● **Work item**
The reply should hold nothing except the lines from the one with "Vintage happy New" through the end of the entries, duplicated exactly and with no pictures.

================================

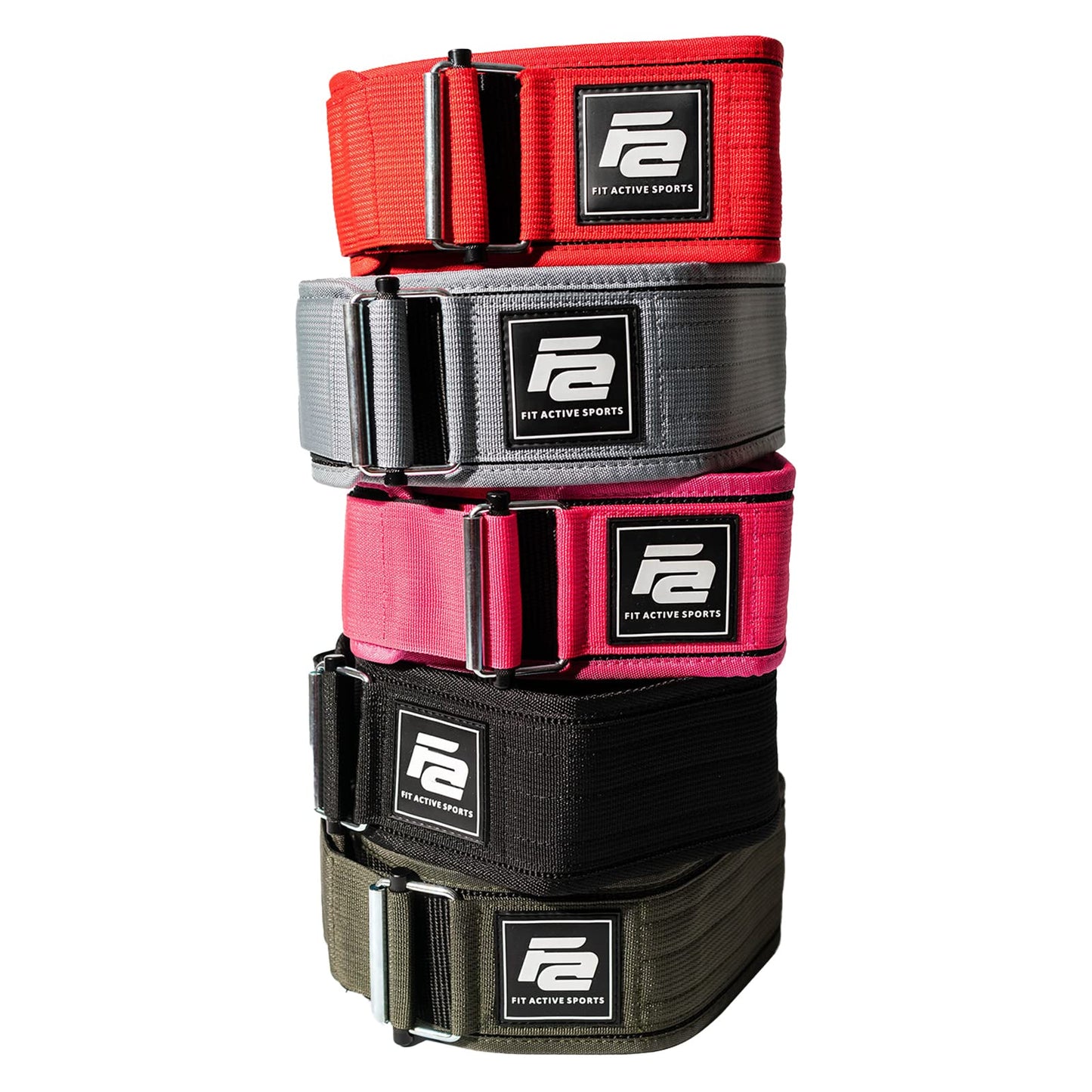 Fit Active Sports Self-Locking Weight Lifting Belt | Premium Weightlifting Belt for Cross Training & Power Lifting | Fast Locking Release Mechanism for Fitness and Power Lifting | Black, Small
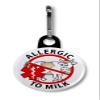 ALLERGIC TO MILK No Cow Medical Alert 1 inch Black Zipper Pull Charm view 1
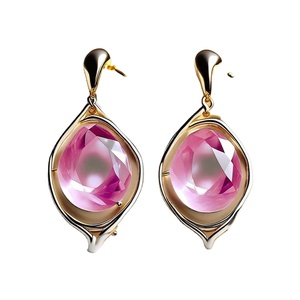 Boucles d'oreilles de mariée en plaqué or 18 carats en argent 925 pour femmes Boucles d'oreilles en pierres précieuses roses de haute qualité pour femmes - Product Image 1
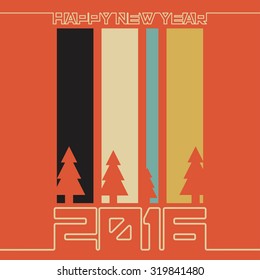Vintage happy New Year 2016 design. Flat design. Outline.
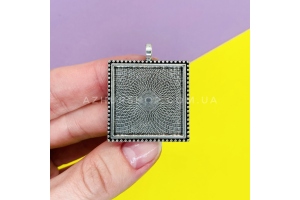 Основа для кулону (сеттінг), квадратна, колір античне срібло, 37*31 мм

================================

● **Answer to this task**
Vintage happy New Year 2016 design. Flat design. Outline.
 Основа для кулону (сеттінг), квадратна, колір античне срібло, 37*31 мм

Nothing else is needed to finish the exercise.